まず指揮者はオーケストラの演奏の音楽監督を兼任することが多い。これは演奏の全権が指揮者に任されていることが多いからで、何とかという曲の第何楽章の何小節目は遅くするとか、ここは軽く弾くとかいったことは大抵指揮者が決める。一部のボーイング(運弓法)さえも指揮者が決めることもある。昔の作曲者が指揮者を兼ねていた頃の名残であろう。専門の指揮者が誕生したのはメンデルスゾーンの頃といわれている。
指揮者とオーケストラの関係は密なところもあり、そういうオーケストラほど運営が安定している。かつてはトスカニーニとNBC交響楽団のようにオーケストラが専任の指揮者を置いているところもあった。なお、トスカニーニの死後はNBCは自然消滅している。しかしあまりにも指揮者がワンマンな場合は失敗することもある。晩年のカラヤンとベルリン・フィルの不仲がそれを象徴している。
指揮者はプロに振ってもらったほうがよい。まず耳がよくなくてはならないし、何の楽器の何番のパートがのどの奏者が音が悪いなどすぐにわからなくてはならないからだ。またそこから進んで、どこどこをどのように表現し、テンポをどうするかなど解釈上の問題もある程度の専門知識がないと努まらない。それをどういう風にうまくオーケストラプレーヤーに伝えるかも問われる。
また、意外に知られていないことだが、とても大事なこと(ひょっとしたら一番大事かも知れない)なので述べておく。指揮は棒が降りたところが拍なのではなく、棒が上がったところが拍である。間違えて早く入る人がいるので注意して欲しい。これを打点という。プロのオケが指揮よりもワンテンポ遅いというのはここから来ているのであって、決して指揮を無視しているわけではないのだ。これにも二通りあって、オン・ビート(打点より一瞬遅く出るか、殆ど同時にでる)と、アフター・ビート(打点よりかなり遅く出る)とがあるが、いずれも打点よりは遅く出る。
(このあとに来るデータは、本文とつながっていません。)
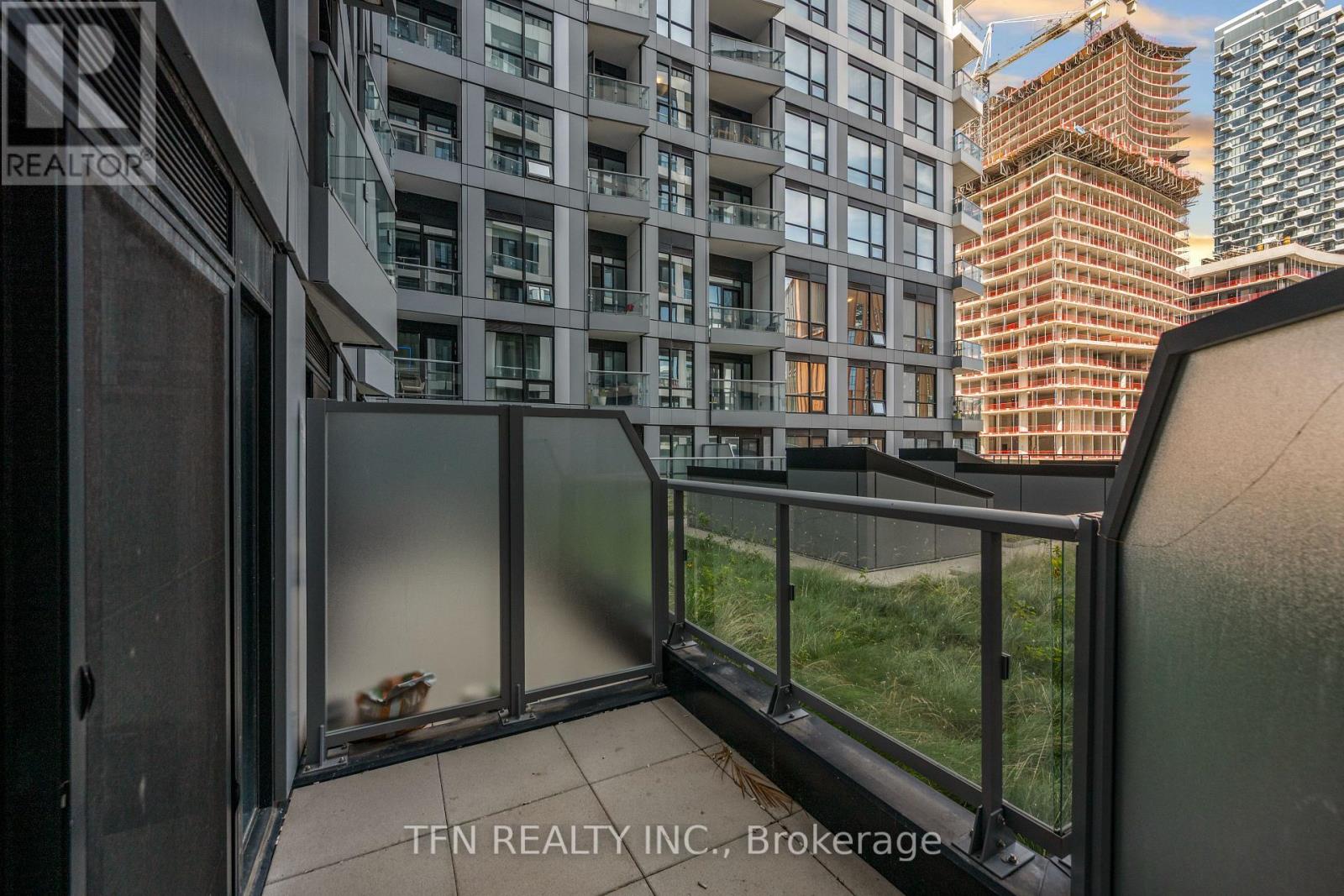 314 - 15 Richardson Street, Toronto, Ontario  M5A 0Y5 - Photo 16 - C13747046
アマチュアはビフォア・ビートにならないよう気をつけよう。
トレーナーについて
指揮者を監督とするとトレーナーはコーチに当たる存在である。トレーナーはパート毎に演奏の指示や弾き方などを教える役目を持っており、通常プロの奏者を呼ぶ。パート内の演奏の質を高めるのには重要な存在であるといえる。
普通は高弦、低弦、管楽器の各セクション毎に呼ぶ。アマチュアでは初心者が多いのでトレーナーは特に必要な存在である。初心者の扱いは素人のアマチュアのオーケストラプレーヤーにとっては大変なので、プロであるトレーナーが初心者を見るのに都合よかったりする。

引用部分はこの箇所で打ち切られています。